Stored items
- - -
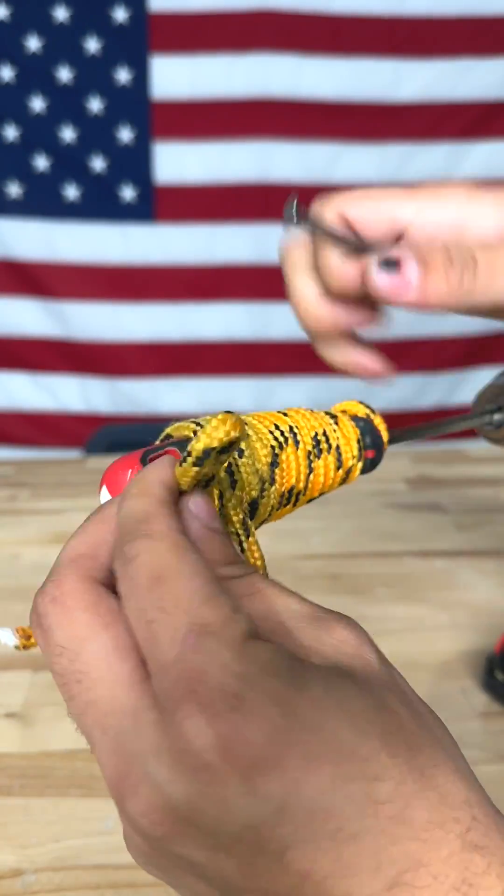Just like that — easy. And just to make sure this doesn't thread out, burn it up a little right there. Perfect. Go ahead and remove this, and now you have a perfectly gripped screwdriver for any torque or grip this season.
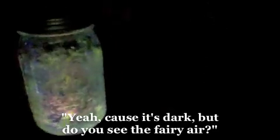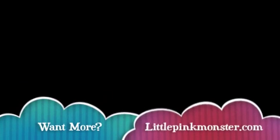What do you think of that, Sam? I can't see the picture. You can't see the picture? Well, yeah, because it's dark. But do you see the fairy air? I don't really see it. You don't really see it? You know what, I don't really see that much either. Not so far. Busted.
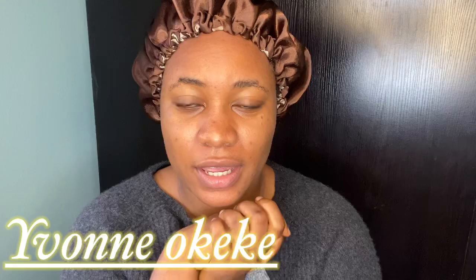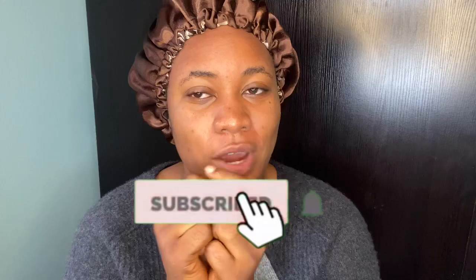Hey hey lovers, welcome back to my YouTube channel, it is Yvonne Okeke. If you're new here please subscribe to this YouTube channel. If you're not new and you haven't subscribed, subscribe to this YouTube channel.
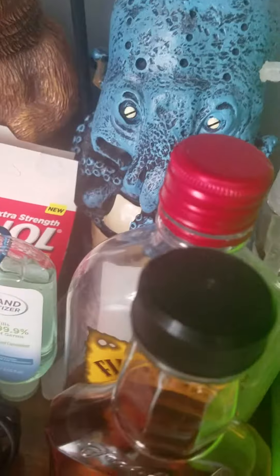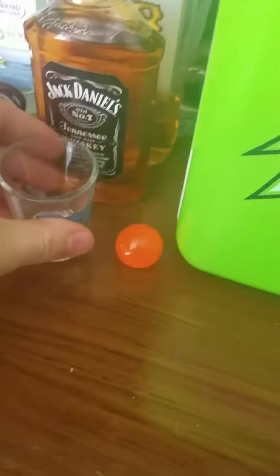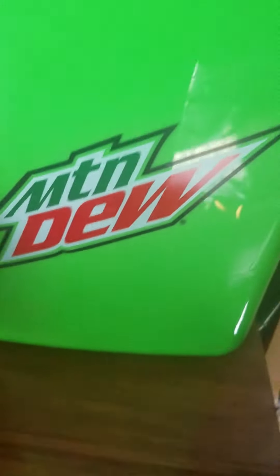Here is my Corona Extra bottle opener, here's Jack Daniels, we have Fireball right there, here's my shot glass.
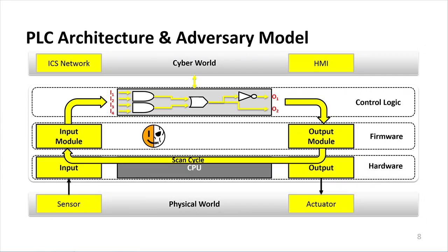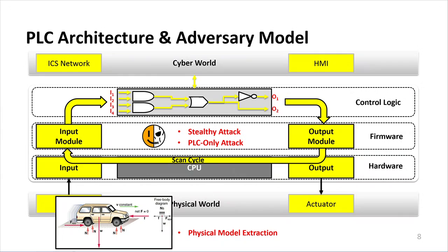For our adversary model, Harvey resides in the firmware of the system, and we implement Harvey as a stealthy attack — stealthy because it would be easy to simply brick the PLC, but as we've seen with Stuxnet, stealthy attacks have a more enduring impact. We assume we only need to compromise the PLC and not necessarily the HMI. We also assume we can extract the physical model of the system; although this is a strong assumption, it's been shown that using insider information or by compromising auxiliary monitoring systems, this is achievable.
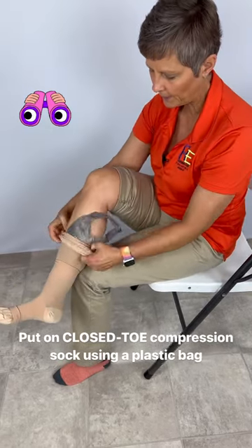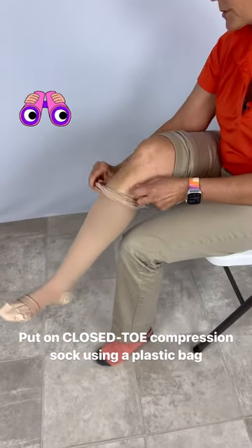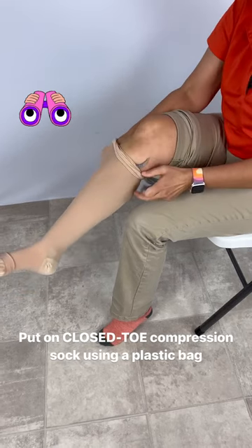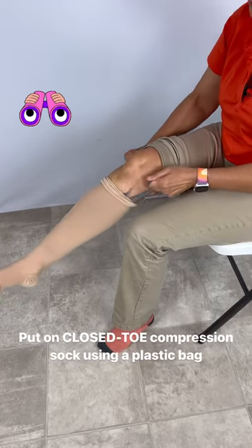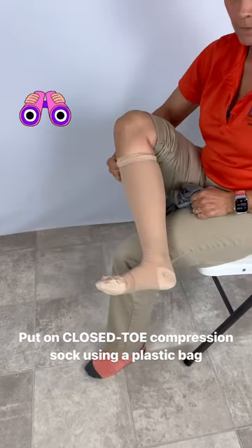Go ahead and pull the stocking up, just like that, and then I'm going to grab a hold of the handles here and very easily — whoops — just try to pull it a little bit. Sometimes this happens with the handles, but I'm going to try to pull it a little bit like this, right out of the stocking.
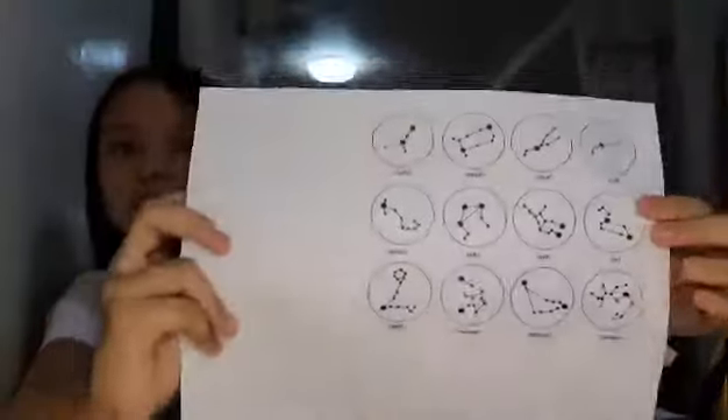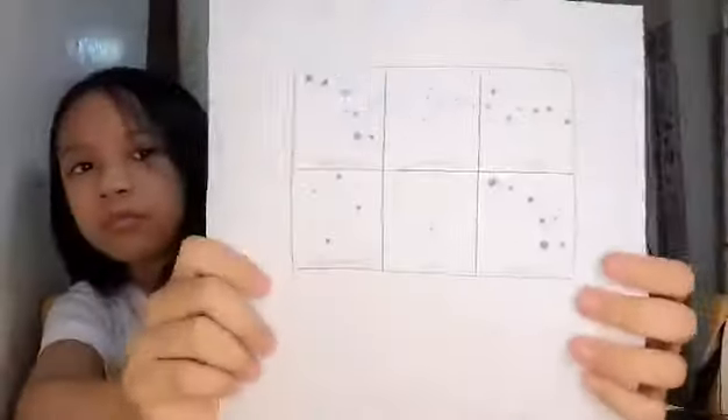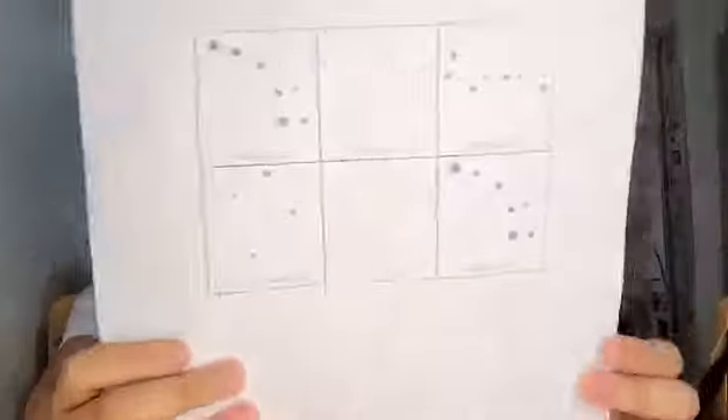I printed some star constellations to use on my box lid. Now we are going to cut and paste it up.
- - -
**ACTIVITY**
Set down the records again exactly as they appear, leaving each picture behind.

**ANSWER TO THIS EXERCISE**
Just like that — easy. And just to make sure this doesn't thread out, burn it up a little right there. Perfect. Go ahead and remove this, and now you have a perfectly gripped screwdriver for any torque or grip this season.
What do you think of that, Sam? I can't see the picture. You can't see the picture? Well, yeah, because it's dark. But do you see the fairy air? I don't really see it. You don't really see it? You know what, I don't really see that much either. Not so far. Busted.
Hey hey lovers, welcome back to my YouTube channel, it is Yvonne Okeke. If you're new here please subscribe to this YouTube channel. If you're not new and you haven't subscribed, subscribe to this YouTube channel.
Here is my Corona Extra bottle opener, here's Jack Daniels, we have Fireball right there, here's my shot glass.
For our adversary model, Harvey resides in the firmware of the system, and we implement Harvey as a stealthy attack — stealthy because it would be easy to simply brick the PLC, but as we've seen with Stuxnet, stealthy attacks have a more enduring impact. We assume we only need to compromise the PLC and not necessarily the HMI. We also assume we can extract the physical model of the system; although this is a strong assumption, it's been shown that using insider information or by compromising auxiliary monitoring systems, this is achievable.
Go ahead and pull the stocking up, just like that, and then I'm going to grab a hold of the handles here and very easily — whoops — just try to pull it a little bit. Sometimes this happens with the handles, but I'm going to try to pull it a little bit like this, right out of the stocking.
I printed some star constellations to use on my box lid. Now we are going to cut and paste it up.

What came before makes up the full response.